Guo, FS; Jin, JX; Yong, B; Wang, Y; Jiang, H (2020). Responses of water use efficiency to phenology in typical subtropical forest ecosystems-A case study in Zhejiang Province. SCIENCE CHINA-EARTH SCIENCES, 63(1), 145-156.

Ecosystem-scale water-use efficiency (WUE) is an important indicator for understanding the intimately coupled relationship between carbon and water cycles in ecosystems. Previous studies have suggested that both abiotic and biotic factors have significant effects on WUE in forest ecosystems. However, responses of WUE to phenology in the context of climate change remain poorly understood. In this study, we analyzed the sensitivity and response patterns of seasonal WUE to phenology in Zhejiang Province where typical subtropical forest ecosystems are located, and discussed potential causes of the changes of the sensitivity and response patterns along different climate gradient during 2000-2014. The results of interannual partial correlation analysis showed widespread negative correlations between WUE and the start of growing season (SOS) in spring.

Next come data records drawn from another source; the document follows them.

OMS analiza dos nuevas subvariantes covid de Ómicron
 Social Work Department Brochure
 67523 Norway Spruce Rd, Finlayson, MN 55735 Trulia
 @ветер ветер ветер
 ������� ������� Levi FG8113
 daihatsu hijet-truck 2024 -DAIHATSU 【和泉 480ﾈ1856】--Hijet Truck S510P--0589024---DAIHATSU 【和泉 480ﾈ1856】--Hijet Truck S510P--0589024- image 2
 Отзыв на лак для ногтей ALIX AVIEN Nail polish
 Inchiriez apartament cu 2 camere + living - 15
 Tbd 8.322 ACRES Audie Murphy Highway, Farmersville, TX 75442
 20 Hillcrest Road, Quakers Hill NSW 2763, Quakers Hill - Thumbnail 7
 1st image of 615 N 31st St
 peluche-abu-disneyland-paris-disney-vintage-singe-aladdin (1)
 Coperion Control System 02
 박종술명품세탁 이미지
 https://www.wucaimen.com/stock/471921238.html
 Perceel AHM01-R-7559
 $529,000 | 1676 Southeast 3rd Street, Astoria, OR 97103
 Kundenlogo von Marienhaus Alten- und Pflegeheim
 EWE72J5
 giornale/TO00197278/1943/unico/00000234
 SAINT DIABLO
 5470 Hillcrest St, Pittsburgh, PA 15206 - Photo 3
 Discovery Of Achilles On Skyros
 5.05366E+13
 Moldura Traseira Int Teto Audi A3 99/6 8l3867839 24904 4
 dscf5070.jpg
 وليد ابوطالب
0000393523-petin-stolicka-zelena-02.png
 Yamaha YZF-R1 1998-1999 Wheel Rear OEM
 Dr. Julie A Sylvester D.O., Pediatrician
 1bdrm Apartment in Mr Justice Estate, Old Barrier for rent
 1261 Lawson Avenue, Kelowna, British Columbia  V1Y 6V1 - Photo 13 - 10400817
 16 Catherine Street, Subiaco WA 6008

This is because the increase in gross primary product (GPP) is larger than that of evapotranspiration (ET), resulting from an advanced SOS. The positive correlation between WUE and SOS was widely observed in summer mainly because of water stress and plant ecological strategy. The autumn WUE enhanced with the delay in the end of growing season (EOS) mainly because of the increase in GPP meanwhile the decrease or steadiness in ET, resulting from a delayed EOS. In space, the sensitivity of spring WUE to SOS significantly decreased along the radiation gradient, which might be related to strong soil evaporation in high radiation area; the sensitivity of WUE to SOS in summer showed a positive correlation with precipitation and a negative correlation with temperature, respectively, which might be attributed to the compensation of GPP to the delayed SOS and water stress caused by high temperature. The sensitivity of WUE to EOS increased significantly along the radiation and precipitation gradients in autumn, which may be because the increase of radiation and precipitation provides more water and energy for photosynthesis.